Built in 1885, the reservoir is a “contributing asset” to the Great Falls National Park, subjecting it to review by the U.S. Department of Interior. A movement has formed in opposition to the tanks project which will cost $135 million. The first phase of the project involves draining a portion of the Levine Reservoir to place the tanks. The second and third phases call for tanks at the New Street and Great Notch reservoirs.
Joe Bella, executive director of the commission, said the tanks project needs to obtain a series of approvals. Besides the submission of the administrative consent order (ACO) to the Division of Water Supply and Geoscience within the Monday, February 15th, 2016 deadline, the commission has to obtain storm water permits and zoning approvals, said Bella.
Bella said the tanks impact is minimal on the Great Falls Historic District and the Great Falls National Park. “It’s not visible from the national park,” he said.
David Soo of the Friends of the Great Falls said the tanks will be visible from the park. “Mr. Bella doesn’t understand how much harm this is going to do to Paterson,” he said. “The district has lost enormous amount of fabric, buildings and contributing resources, since its original designation in the 1970s. Dozens of buildings have been burned.”

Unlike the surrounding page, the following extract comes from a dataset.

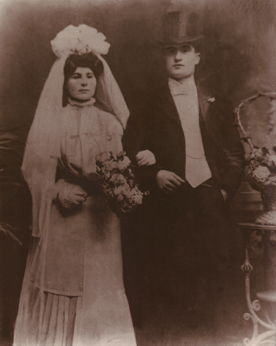 Wedding photo of grandma Anna and grandpa Louis - mother's side (1907)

Soo said the historic district cannot afford to lose anymore resources without jeopardizing its designation as a national landmark.

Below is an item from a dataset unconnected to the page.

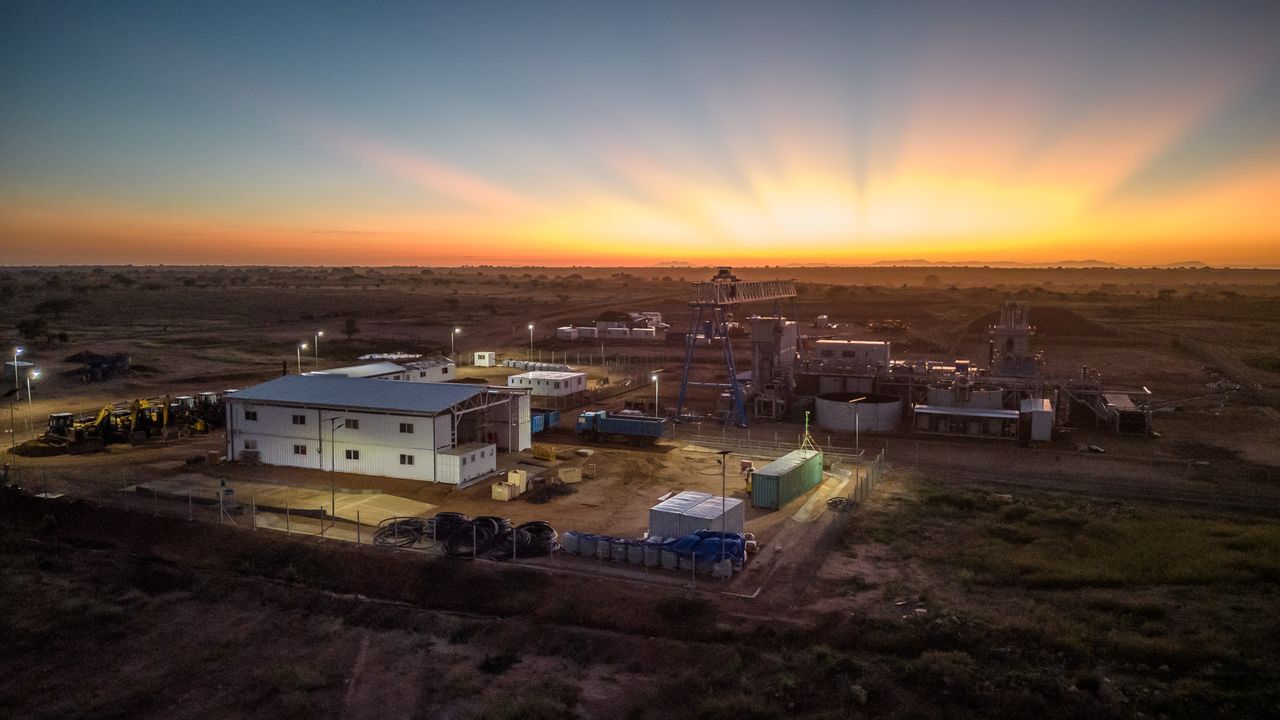 NextSource Materials closes $25M LIFE Offering to support UAE battery ...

The commission has shown designs where the water tanks are painted with a forest murals and hidden behind evergreen trees. The cost of hiding the tanks comes to $450,000, according to the commission.
Mayor Jose “Joey” Torres has said he would like to see the reservoir decommissioned and used to water the raceway system. He opposed the tanks at the reservoir in September 2014 at a public gathering in the Paterson Museum. Four months later, his daughter landed a job at the commission. He has not made any public statements against the project since then.
Torres did not respond to message for comments on Friday.
Bella said the raceway system can still be watered using the reservoir even after the tanks have been installed. He said the entire reservoir is not being drained, but only a small portion of it is being filled to place the two large water tanks.
The city’s lead problem may also be solved by adding corrosion inhibitor after the tanks are installed, said Bella. The commission is not able to add the chemical because it would result in an algae bloom at the open air reservoir, said officials.
Opponents of the tanks project include a large number of municipalities that purchase water from the commission. Many fear their rates will be jacked up to fund the project. Others, especially those in Woodland Park and Paterson worry about the destruction of the scenic environment around the Garret Mountain.
Paterson and other municipalities have passed resolutions opposing the tanks project. Opponents of the project said the tanks will not be constructed anytime soon.
“There’s a long way to go before the storage tanks will ever be built,” said Guarasci. “The final chapter of this sage is far from written.”